___ DATA FOR THE TASK ___

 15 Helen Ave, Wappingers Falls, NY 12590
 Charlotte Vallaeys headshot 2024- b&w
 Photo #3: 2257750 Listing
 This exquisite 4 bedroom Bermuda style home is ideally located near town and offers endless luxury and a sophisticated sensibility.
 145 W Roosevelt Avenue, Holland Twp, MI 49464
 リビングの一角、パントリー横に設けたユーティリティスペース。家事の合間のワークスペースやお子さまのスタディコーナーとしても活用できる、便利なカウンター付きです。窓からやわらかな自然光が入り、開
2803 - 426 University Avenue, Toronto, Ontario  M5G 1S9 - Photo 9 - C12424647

___
___ DATA FOR THE TASK ___

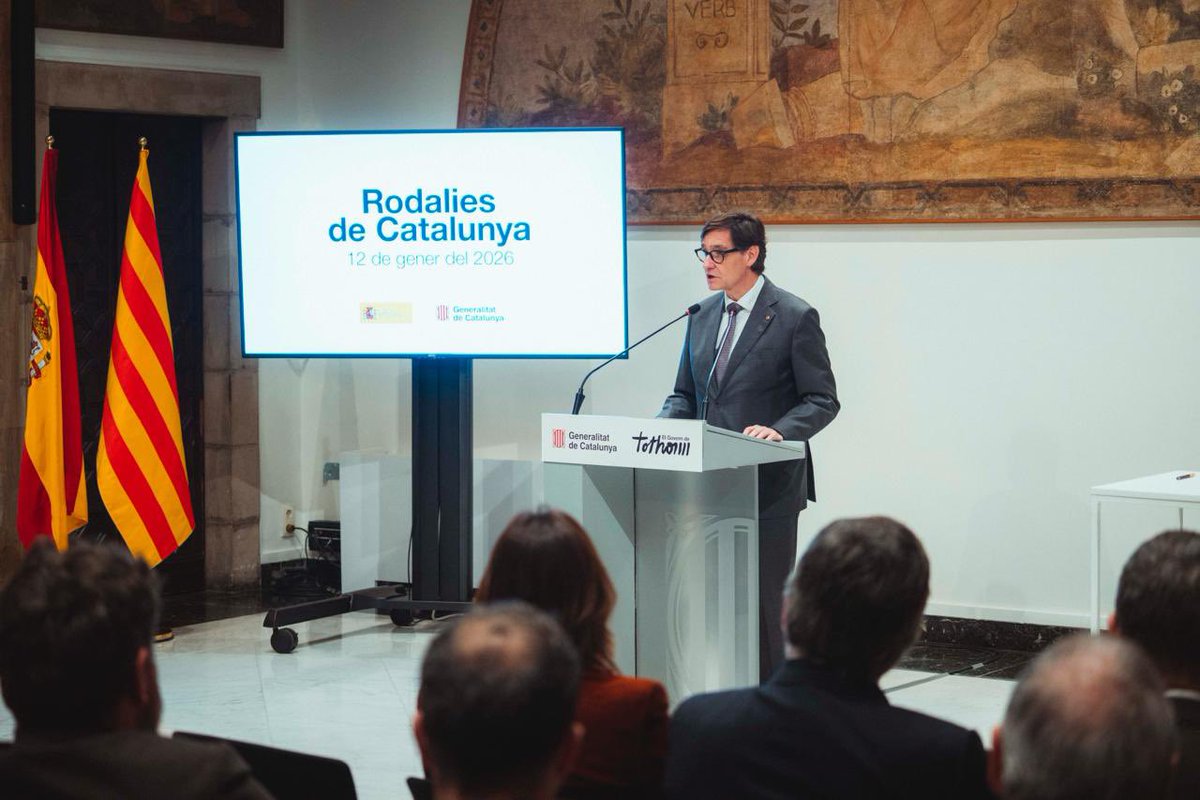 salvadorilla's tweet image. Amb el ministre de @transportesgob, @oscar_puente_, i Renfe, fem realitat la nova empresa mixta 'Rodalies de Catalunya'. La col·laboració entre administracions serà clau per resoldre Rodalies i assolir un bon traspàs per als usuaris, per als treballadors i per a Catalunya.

___

REQUIRED WORK:
Return the span of lines in the data above that opens at the line with "This exquisite 4" and closes at the line with "リビングの一角、パントリー横", exactly, ends included, nothing else.

EXERCISE OUTPUT:
 This exquisite 4 bedroom Bermuda style home is ideally located near town and offers endless luxury and a sophisticated sensibility.
 145 W Roosevelt Avenue, Holland Twp, MI 49464
 リビングの一角、パントリー横に設けたユーティリティスペース。家事の合間のワークスペースやお子さまのスタディコーナーとしても活用できる、便利なカウンター付きです。窓からやわらかな自然光が入り、開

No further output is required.